It is definitely absurd to deal with an anarcho-socialist dreamer in the context of Kosovo—an individual who has so anachronistic mental setup, is so irrelevant to the world that, when it is a matter of one of the worst human tragedies in this bloodiest period of human history, it will be disrespectful to the human dignity to relate him in any way to the event—, except, perhaps, as a party to it.

It is ridiculous to consider such an irrational and irresponsible paper intellectualism in relation to the dangerous and dreadful entanglement of the Balkans and NATO and Russia—an unrepentant imposture which once paralleled the Khmer Rouge to the French Resistance fighters and which, by virtue of deviously evasive character, espoused systematically and with an apparent sympathy the neo-Nazis in the name of free speech and got off with it—, except, perhaps, as a party to it.

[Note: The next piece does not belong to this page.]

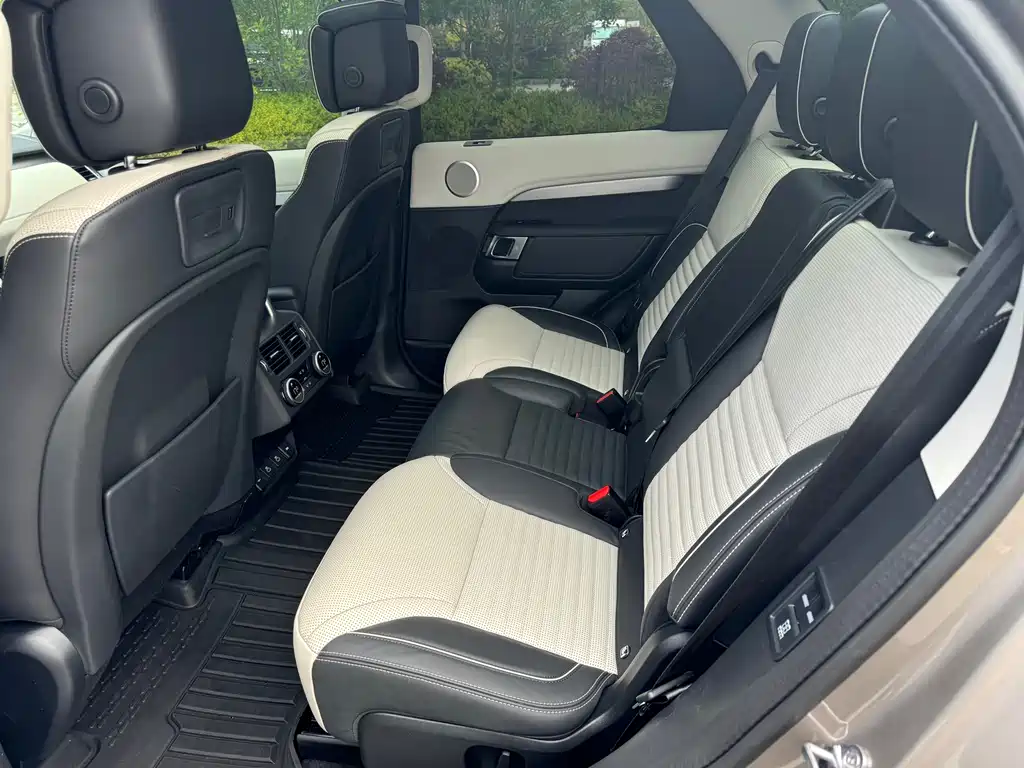 Land Rover Discovery 2021 360PS R-Dynamic HSE
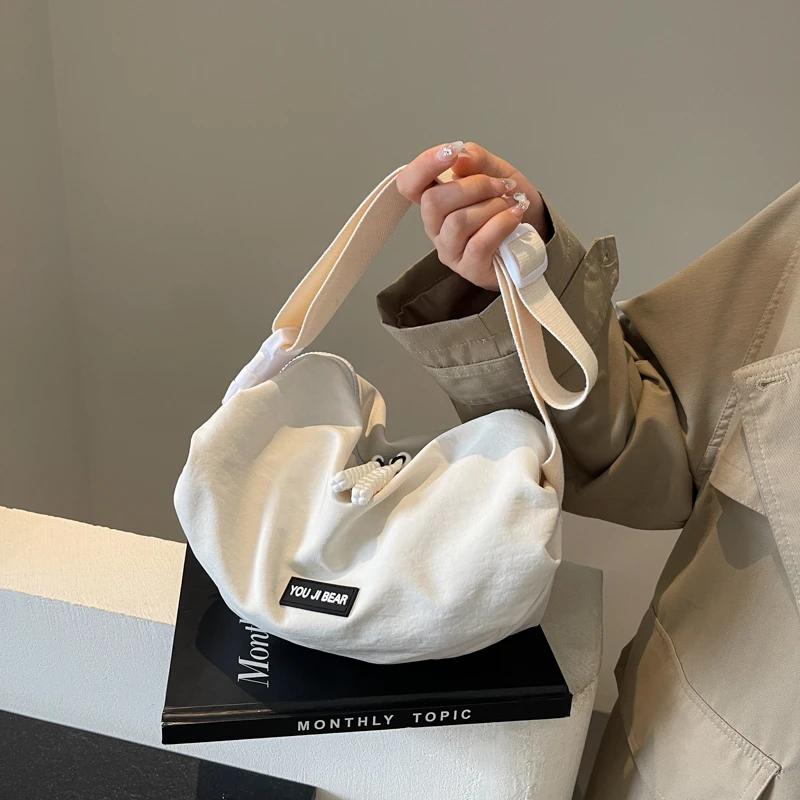 

Женские сумки новые dim sum ниша легкая женственная простая спортивная и повседневная сумка через плечо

Yet this must be done. And with no hesitation. For one thing, the enormous sufferings of Russians and their satellites under the brutal Soviet regime had been caused by the same irrationalism, created and supported by the equally silly materialistic ideology. While only the fear of what would happen still prevent the catastrophic full disintegration, its simulation is already being rehearsed in a lesser scale in what was once called Yugoslavia. The colossal China and some other lesser nations and ethnic groups are still being kept crushed under the equally oppressive and dangerous regimes built upon the same human folly.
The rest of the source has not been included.